REQUIRED WORK
Nothing but the lines from the one containing "Speed/Draw: Got teh Hiccup" to the final line of the entries should appear, copied exactly and without pictures.

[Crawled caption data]

>>>

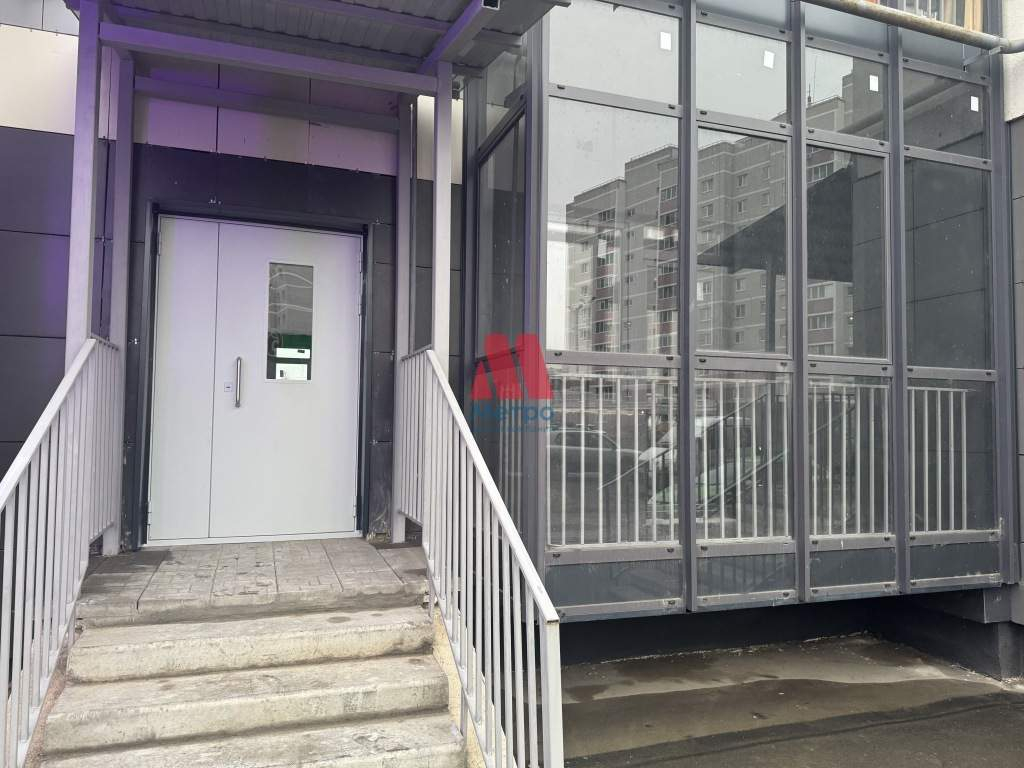 Сдам в аренду помещение свободного назначения 100 м.кв.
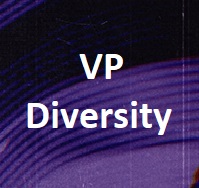 VP Diversity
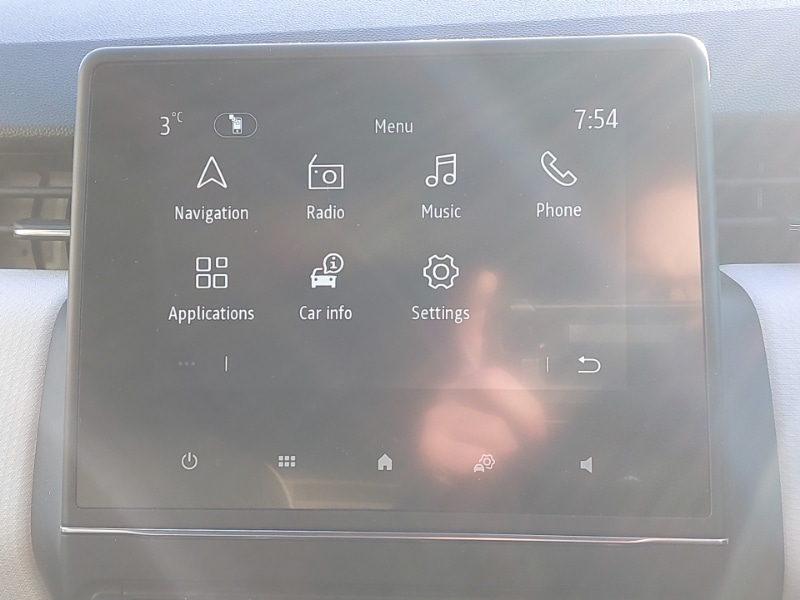 Used Renault Clio 2022 for sale - 78071484: Photo 12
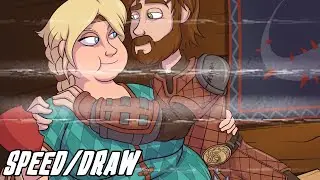 Speed/Draw: Got teh Hiccup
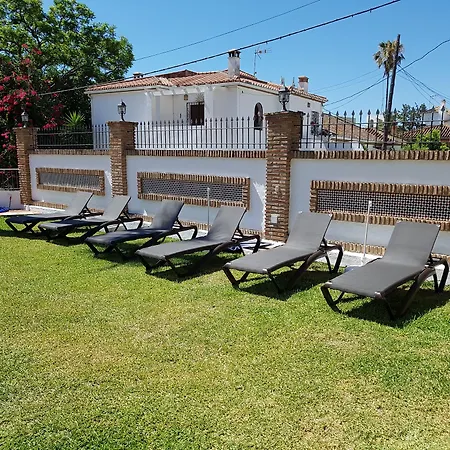 Appartement La Baranda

<<<

YOUR RESPONSE
 Speed/Draw: Got teh Hiccup
 Appartement La Baranda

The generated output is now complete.